In Managua we make it through immigration and pay entry fee of $US 10 each. Change fifty dollars into Cordobas (@ 19:1) and pass our bags through x-ray. On way to the door we can see taxi driver with a "Paul Alton" sign. We wave and he meets us at the door. To hotel, get A/C going (if it´s not too cold it´s too warm!) and crash.
We've just come in from the rain, circling up and praying with the other SOWER couples and wishing goodbye to the first SOWER couple that has just now left for their January SOWER project. Another couple will head out tomorrow morning to join them at the project just up the valley. Two other SOWER couples from last month will remain at Way of the Cross. Three couples will join them for a busy month of cleaning the RV and renovating staff motel rooms.
Last night we finished packing our bags for Nicaragua. Today we will button up the fifth wheel and park it on the back of the property. We'll sleep in it with the slides in tonight and get up and head for the airport in Brownsville at 3 AM for our 5:20 AM flight from Brownsville to Houston to connect to the flight to Managua, Nicaragua. There were significant savings to fly out of Brownsville versus Harlingen. I will try to think of that at 3 AM. Also, it is relatively cold as well as raining. It could be any day of the year on the BC coast, but goes to the bone here. Juanita keeps repeating "We´ll be warm tomorrow."
Airbags are pumped up on the truck. Language lessons are booked starting Friday morning at 8 AM. Now I guess it is time to go back out into the rain and dump tanks and put away hoses and electrical cables and put the slides in and move rig and run errands and... Well times a wastin'. Talk to you soon.
January 2 - The rest of the story (updated a few days later from notes & memory):
After the above and one last shower before dumping tanks I got busy and did all of the necessary stuff and we moved the rig. The fridge was taking its time to defrost so we left the fridge doors open, but Juanita rode in the closed-up rig to prevent the doors slamming. I missed having her as a spotter and stopped a few times to make sure nothing was amiss in the close quarters. Then we ran a few errands and went to dinner and came back for chapel. I turned the cell phone ringer off so it wouldn´t bother anyone in the unlikely event of an incoming call.
After chapel we settled in for a cold, but short night with the alarm set for 2:45 am. The furnace was as low as possible to conserve batteries and yet keep us comfortable. Juanita went promptly to sleep, but I stayed awake for a while and surfed and read e-mail on my iPod. About to call it a night I checked e-mail one last time.

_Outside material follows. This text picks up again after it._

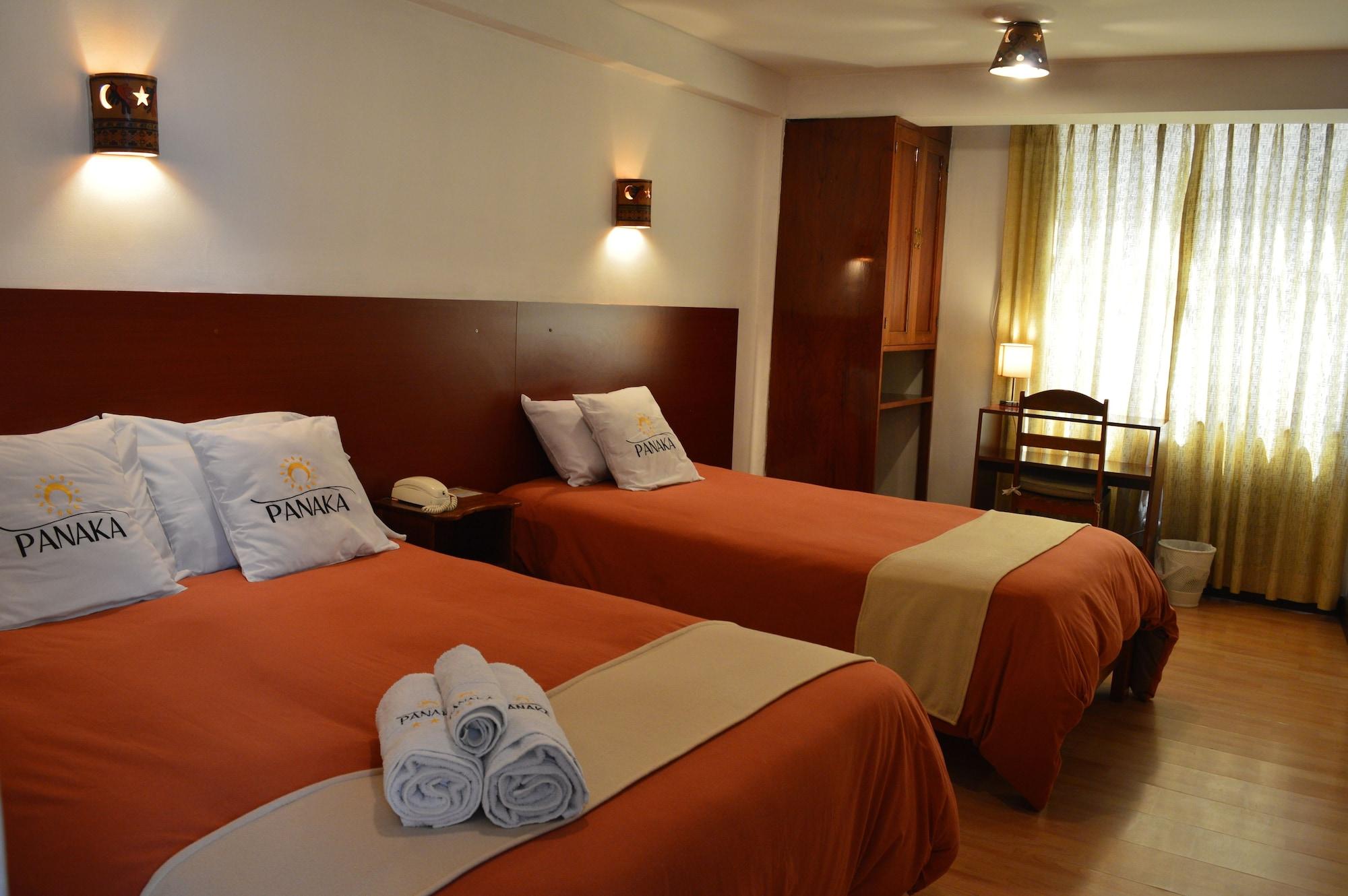 Hostal Panaka Cuzco Eksteriør bilde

There was an e-mail from Orbitz saying our flight from Brownsville had been cancelled. Some checking of the United Airlines iPhone app on my iPod to see if it said the flight was cancelled and a Goggle search later I opened the phone to call United.

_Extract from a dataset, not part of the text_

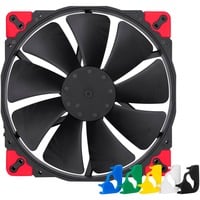 Noctua NF-A20 PWM CH.BK.S sistema di raffreddamento per computer Case per computer Ventilatore 20 cm Nero, Ventola Nero, Ventilatore, 20 cm, 350 Giri/min, 800 Giri/min, 18,9 dB, 146,9 m³/h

There were two missed calls from their 1-800 number. I checked the voice mail and learned the flight was cancelled and called the 1-800 number. The other end knew it was probably me based on caller id and after asking for confirmation went into a recorded spiel about the cancelled flight for Thursday am and said we were booked on a flight at 5 pm Friday. I called again and fumbled the voice recognition part so I ended up with a person and argued about the shortness of the connection in Houston and explored other options. We left it at the 5 pm on Friday from B´ville.
With Juanita in the same bed while I was doing this she woke to learn our situation. Good news - we can sleep in. Bad news - trip delayed with one less day in Nicaragua and another night in the cold. Would the batteries have enough juice to run the furnace for another night? I called our ride to the airport and informed him that he got to sleep in. Thankfully I didn´t wake him to tell him that.